Problem requirements:
Search the data for "Blue". Each line containing it is to be copied.

Information provided:
════════════════════

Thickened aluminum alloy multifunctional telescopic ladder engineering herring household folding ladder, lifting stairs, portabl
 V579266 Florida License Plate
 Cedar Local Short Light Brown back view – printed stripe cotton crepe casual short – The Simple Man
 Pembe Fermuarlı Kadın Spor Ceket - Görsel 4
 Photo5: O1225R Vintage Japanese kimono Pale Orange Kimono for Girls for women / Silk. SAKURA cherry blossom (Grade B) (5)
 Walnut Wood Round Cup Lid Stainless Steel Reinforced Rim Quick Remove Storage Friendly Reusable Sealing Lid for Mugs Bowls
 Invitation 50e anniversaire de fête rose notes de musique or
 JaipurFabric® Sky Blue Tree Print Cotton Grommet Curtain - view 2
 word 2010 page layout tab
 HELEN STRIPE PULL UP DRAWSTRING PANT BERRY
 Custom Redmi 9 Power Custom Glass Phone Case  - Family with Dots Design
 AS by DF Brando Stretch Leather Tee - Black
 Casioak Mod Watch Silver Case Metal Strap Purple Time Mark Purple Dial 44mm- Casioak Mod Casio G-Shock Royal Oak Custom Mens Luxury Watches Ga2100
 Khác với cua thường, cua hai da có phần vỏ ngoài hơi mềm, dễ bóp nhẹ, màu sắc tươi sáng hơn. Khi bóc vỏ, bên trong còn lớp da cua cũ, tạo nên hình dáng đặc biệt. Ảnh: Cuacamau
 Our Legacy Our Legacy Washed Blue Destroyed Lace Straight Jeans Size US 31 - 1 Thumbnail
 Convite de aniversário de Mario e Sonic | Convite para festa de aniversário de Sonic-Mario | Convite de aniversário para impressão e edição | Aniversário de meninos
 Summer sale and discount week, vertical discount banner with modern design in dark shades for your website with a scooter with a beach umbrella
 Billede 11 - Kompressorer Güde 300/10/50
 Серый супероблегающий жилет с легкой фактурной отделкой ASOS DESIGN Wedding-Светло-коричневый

════════════════════

Answer:
 JaipurFabric® Sky Blue Tree Print Cotton Grommet Curtain - view 2
 Our Legacy Our Legacy Washed Blue Destroyed Lace Straight Jeans Size US 31 - 1 Thumbnail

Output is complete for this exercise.